Words and Their Stories: It Will Not Wash
The 07 October 2011
I'm Susan Clark with the Special English program WORDS AND THEIR STORIES.
Young Mister Smith had an idea for his employer. It was an idea for saving money for the company by increasing prices. At the same time, Smith suggested that the company sell goods of less value.
If his employer liked the idea, Smith might be given more pay. Perhaps he might even get a better job with the company.
Business had been very slow. So Mister Smith's employer thought a few minutes about the idea. But then she shook her head. "I am sorry, Smith," his employer said.
"It just will not wash."
Now, the meaning of these English words should be, "It will not get clean." Yet Smith's idea did not have anything to do with making something clean. So why did his employer say,
"It will not wash?"
Most word experts agree that
"it will not wash"
means it will not work.
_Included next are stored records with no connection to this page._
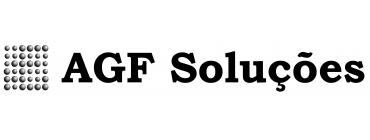 manutenção de prédios - AGF SOLUÇÕES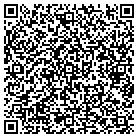 QR code with Heaven Scent Fragrances contacts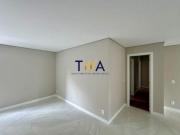 Apartamento, Lux, Lourdes, Belo Horizonte, 3 quartos,...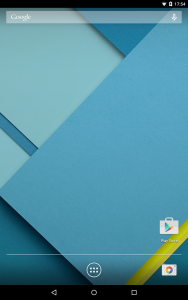 Screenshot_2014-10-17-17-54-55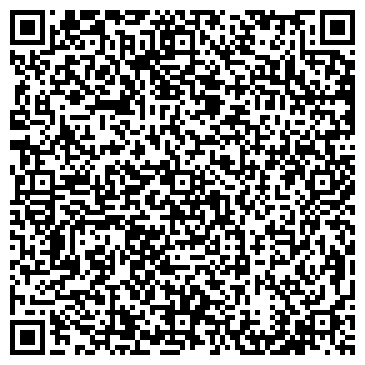 QR-код с контактной информацией организации ИП Бакаевская Н.Ю.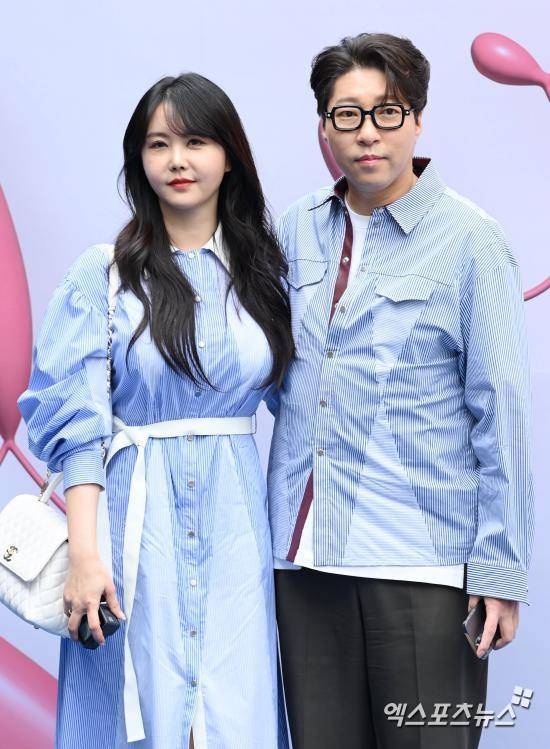 윰댕, 대도서관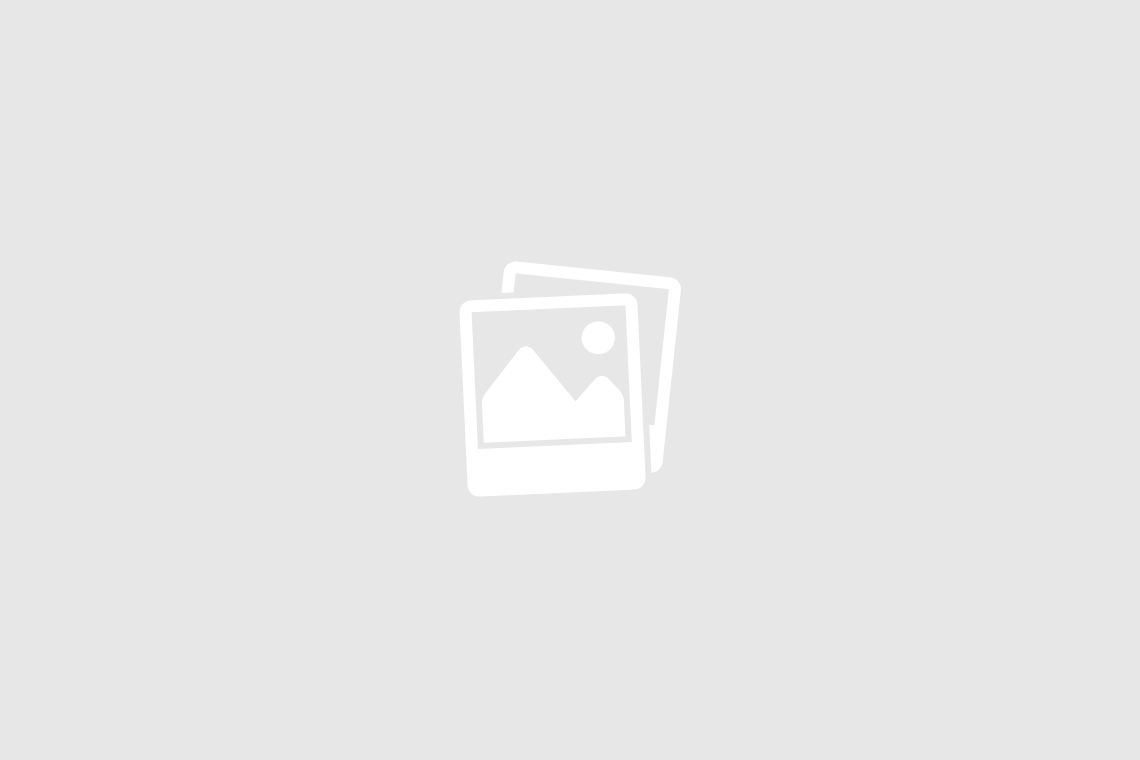 ¿Conviene comprar en pozo o terminado en CABA? Ventajas reales de cada opción
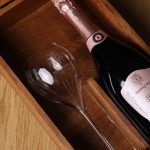 midalidare-rose-extra-brut-beauty-2026_04-1598×916
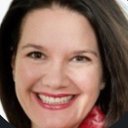 Kim Ivory Vail - @IvoryVail23775 - Twitter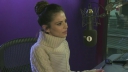 Cheryl_on_BBC_Radio_1_Breakfast_Show_with_Nick_Grimshaw___24_11_2015_mp40041.jpg
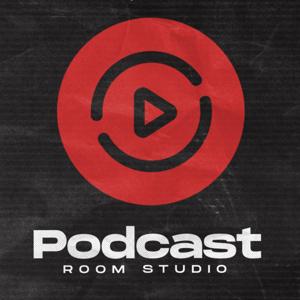 Room Studio Podcast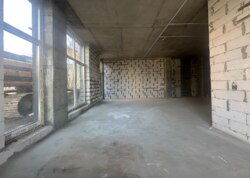 ������� ���������� ��������� �� ���. ������ ����������� 29, ����� 98 ��.� ���� 3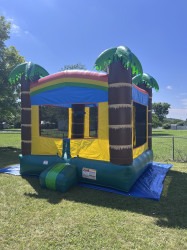 IMG 0141 1749421893 Safari Bounce House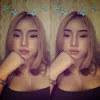 s0ullessv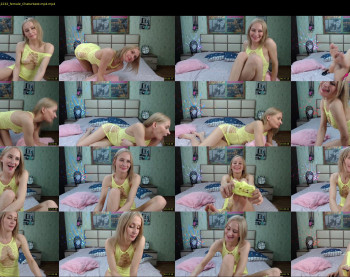 hoootmaggie — 49 minute Chaturbate couple cam show recording, 1080p, May 2, 2021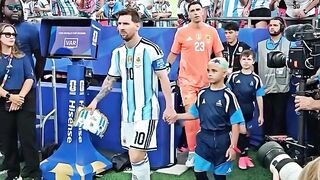 football moments 6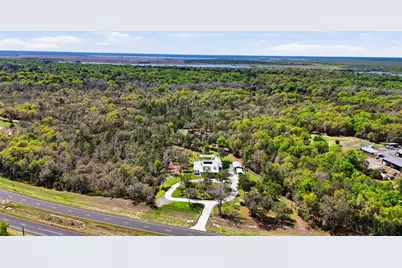 5444 US Highway 17, De Leon Springs, FL 32130 - Photo 83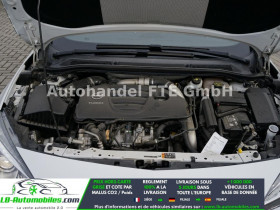 Opel GT 2.0 Turbo 280 ch  occasion � Beaupuy - photo n�10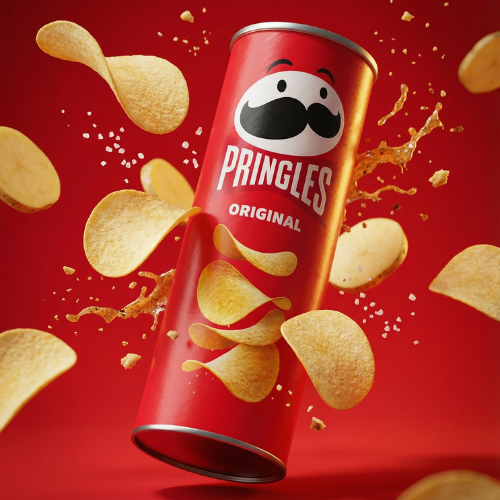 Best AI Product Photo Tool -  olio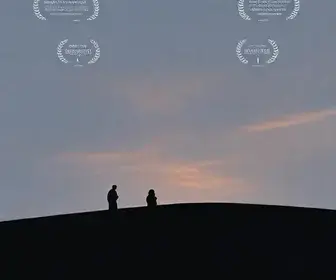 Cana curta-metragem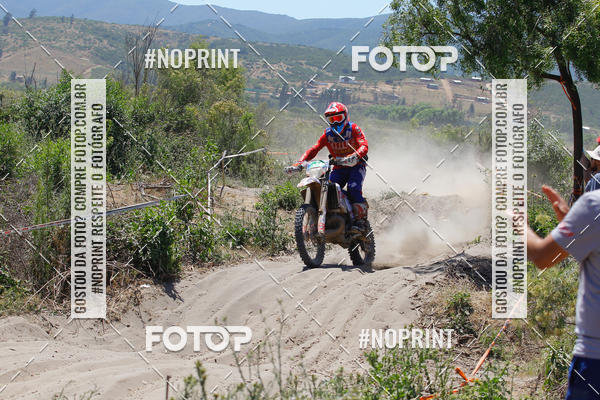 Buy your photos of the eventISDE2018 on Fotop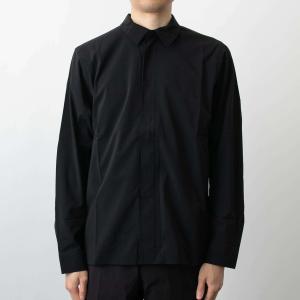 ARC'TERYX アークテリクス ヴェイランス VEILANCE 半袖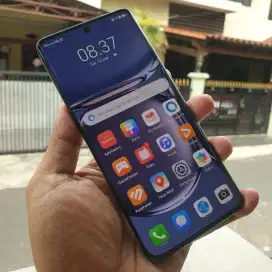 Huawei P50 pro 8/256 Lik new Snapdragon 888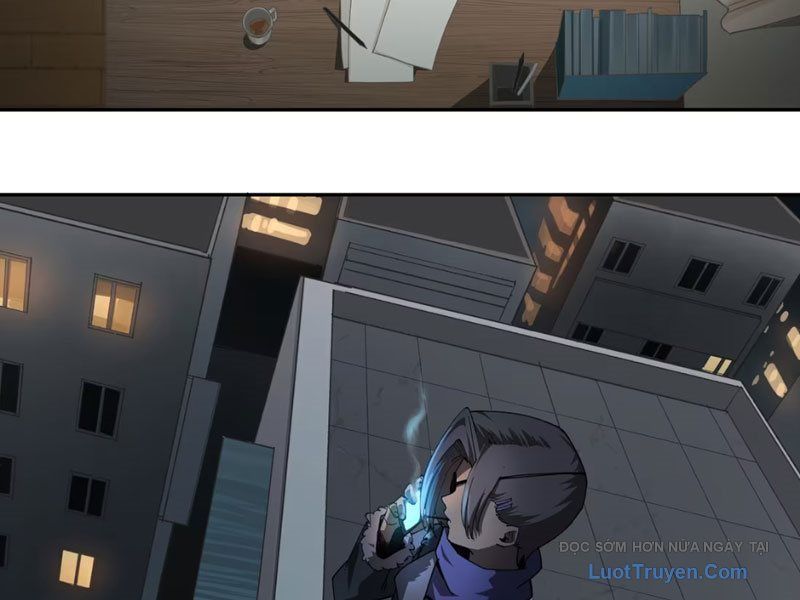 Trò Chơi Nyar Chap 4 - Next Chap 5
Eric Partridge wrote that the saying probably developed in Britain in the eighteen hundreds. Charlotte Bronte used it in a story published in eighteen forty-nine. She wrote,
"That wiln't wash, miss."
Mizz Bronte seems to have meant that the dyes used to color a piece of clothing were not good. The colors could not be depended on to stay in the material.
In nineteenth century England, the expression came to mean an undependable statement. It was used mainly to describe an idea. But sometimes it was used about a person.